Women-owned flower farms (WOFF) have huge potential to drastically improve the position of women through promoting more women entrepreneurs and role models while also creating better working conditions for women workers. However, very little information is available on WOFFs in Kenya’s flower sector. In developing an approach to boost their position in the floriculture sector, it is key to have a better understanding of who they are, what challenges they face, and where opportunities lie for furthering the position of women-owned/led businesses in the flower sector.
Objectives of the research are to assess the challenges faced by WOFF and to identify opportunities to improve the position of WOFF in the floriculture sector. Most WOFF are small- to medium-sized businesses with their own set of unique challenges,
in part because of the typical size of WOFF and in part because of prevailing gender norms. Challenges include the high costs of participating in certification schemes, land ownership, limited access to markets and credit facilities, balancing business with unpaid care work, and lack of access to information and training opportunities. There is a clear need for greater capacity strengthening, while also creating platforms for women entrepreneurs in the floriculture sector to meet, connect, and gain greater
access to a wider network of buyers in the sector.
In that sense, this research deepened understanding of the landscape of women-owned flower farms in Kenya, determining what it takes to innovate, prioritise relevant capacity strengthening needs of women entrepreneurs in the sector, and scope for key entry points to access market opportunities through appropriate business tools. While many new insights have been gained, the research also highlighted the need for more research within this specific area.
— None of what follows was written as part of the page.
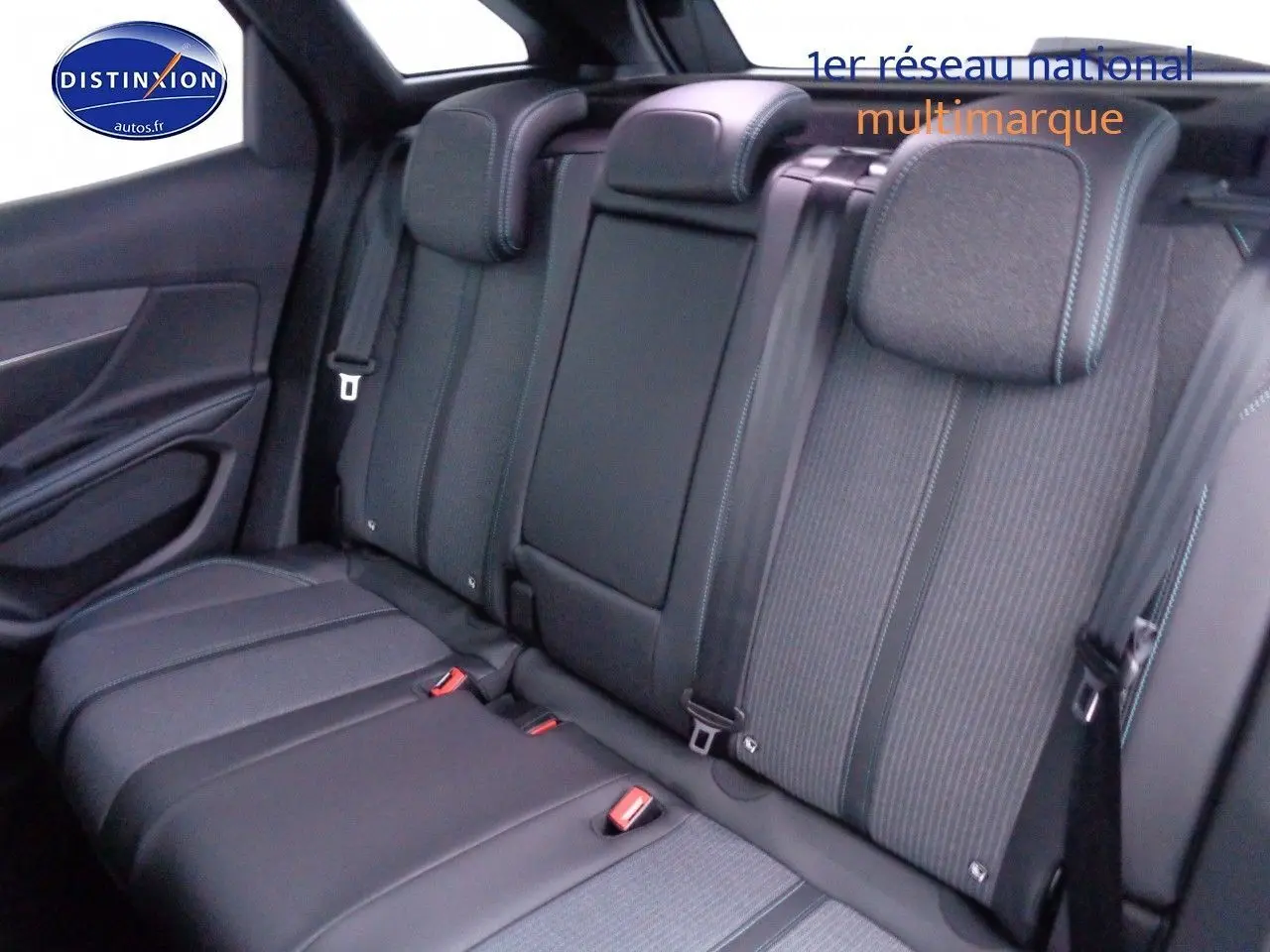 Vue intérieure des sièges arrière en tissu noir et cuir du Peugeot 3008 2023, avec appuie-têtes et ceintures visibles.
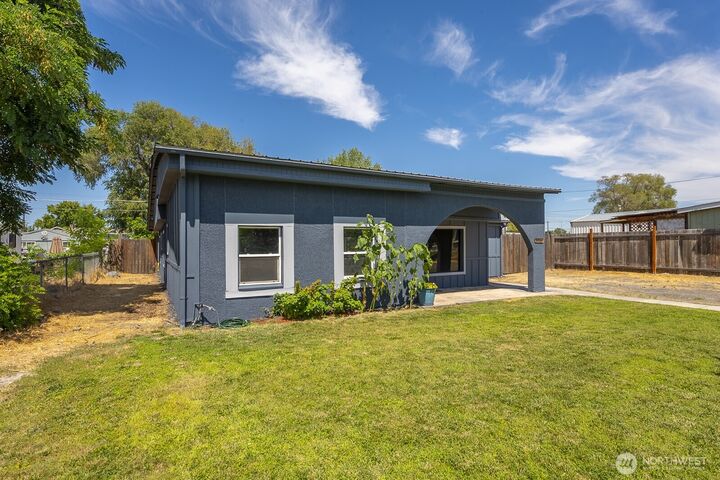 Property Photo:  1036 W Luta Street  WA 98837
Key recommendations from the research are geared towards four key stakeholders/actors, namely buyers (including auctions, supermarkets and retailers), certification bodies, governments and embassies, and civil society organisations/initiatives (including multi-stakeholder initiatives). In conclusion, these recommendations call on all actors to join hands in solidarity to ensure that women-owned flower farms are supported and can blossom in Kenya’s floriculture sector, thereby contributing to broader gender equality in the sector and beyond.